Govt worried over economic impact
The net investment in the national savings certificates and bonds increased by 197.26 per cent in the first month of the financial year 2014-15 compared with that of July of the FY14 as clients invested heavily in the savings tools due to lower rate of interest of deposit products of the scheduled banks. According to the latest Directorate of National Savings data, the net investment in the savings instruments increased to Tk 1,857.69 crore in July of the FY15 from Tk 624.93 crore in the corresponding month a financial year ago.
Bangladesh Bank officials said that the higher investment trend in the savings tools made the government worried as the net investment would surpass to a great extend the government-set target at the end of this financial year if the present trend continues.
The savings instruments worth Tk 2,727.43 crore were sold through banks, national savings bureaus and post offices in July of the FY15 whereas the sales of the NSCs in the same month of the FY14 were Tk 2,144.30 crore in worth.

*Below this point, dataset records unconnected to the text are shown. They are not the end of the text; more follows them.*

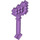 LEGO Medium Lavender Pixelated Axe (18788)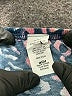 Unbranded Print Blue Teal Casual Dress Size S - photo 7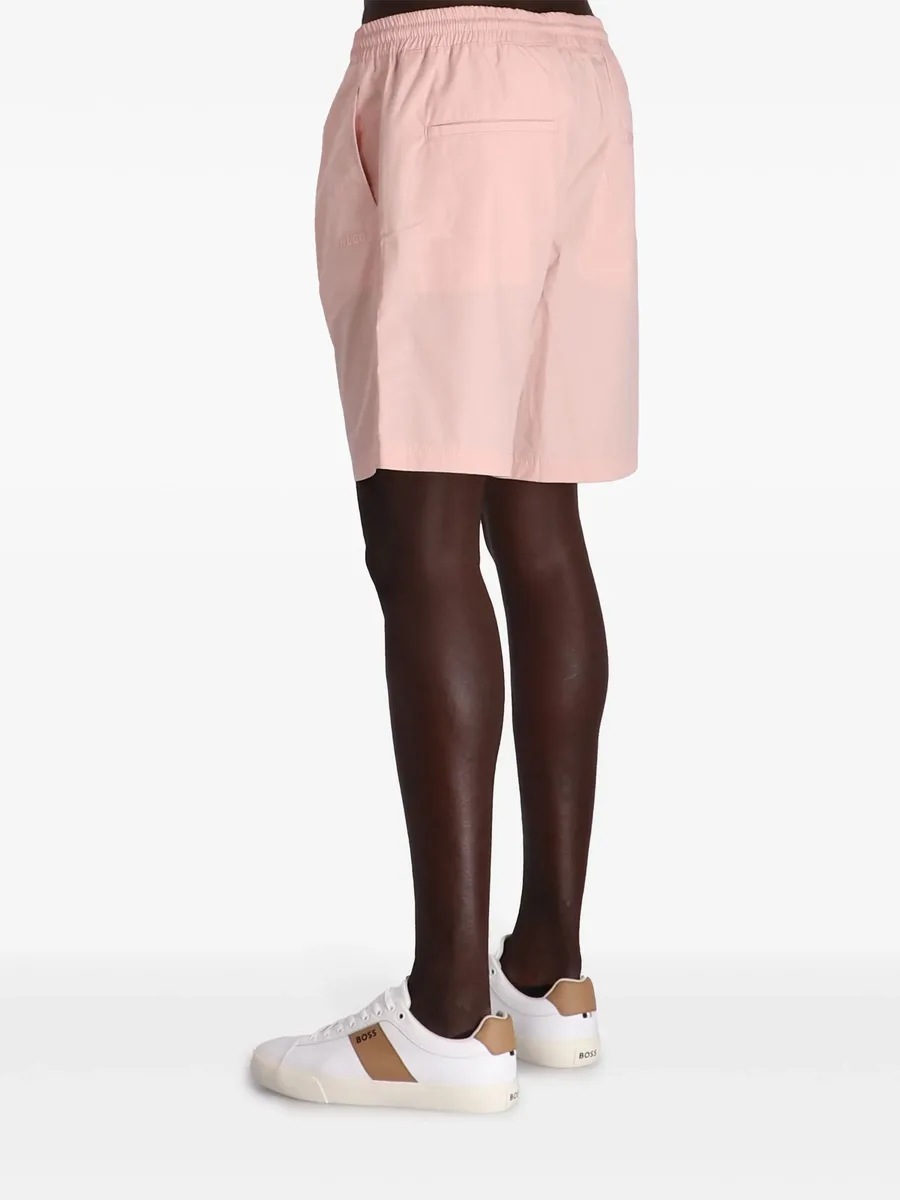 Dan drawstring cotton shorts 7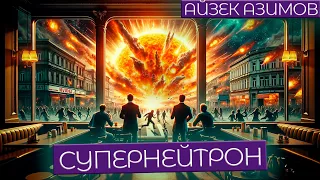 Айзек Азимов - СУПЕРНЕЙТРОН | Аудиокнига (Рассказ) | Фантастика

The net investment in the national savings certificates and bonds had hit a new record at Tk 11,707.31 crore in the FY14.
The previous highest of the net investment in the saving tools was Tk 11,590.64 crore posted in the FY10.
The DNS data showed that the net investment in the savings instruments increased by 1,414.84 per cent in the FY14 from Tk 772.84 crore in the FY13.
Against the backdrop, the government is now thinking how to tackle the higher investment in the national savings certificates and bonds as such type of situation will increase the government liabilities, a BB official told New Age on Thursday.
The government set a net investment target of Tk 9,056 crore for the FY15.
The government’s Cash and Debt Management Technical Committee held a meeting on August 26 at the central bank headquarters in the capital where senior officials of finance ministry and the BB discussed the latest situation in the investment trend in the government savings tools, the central bank official said.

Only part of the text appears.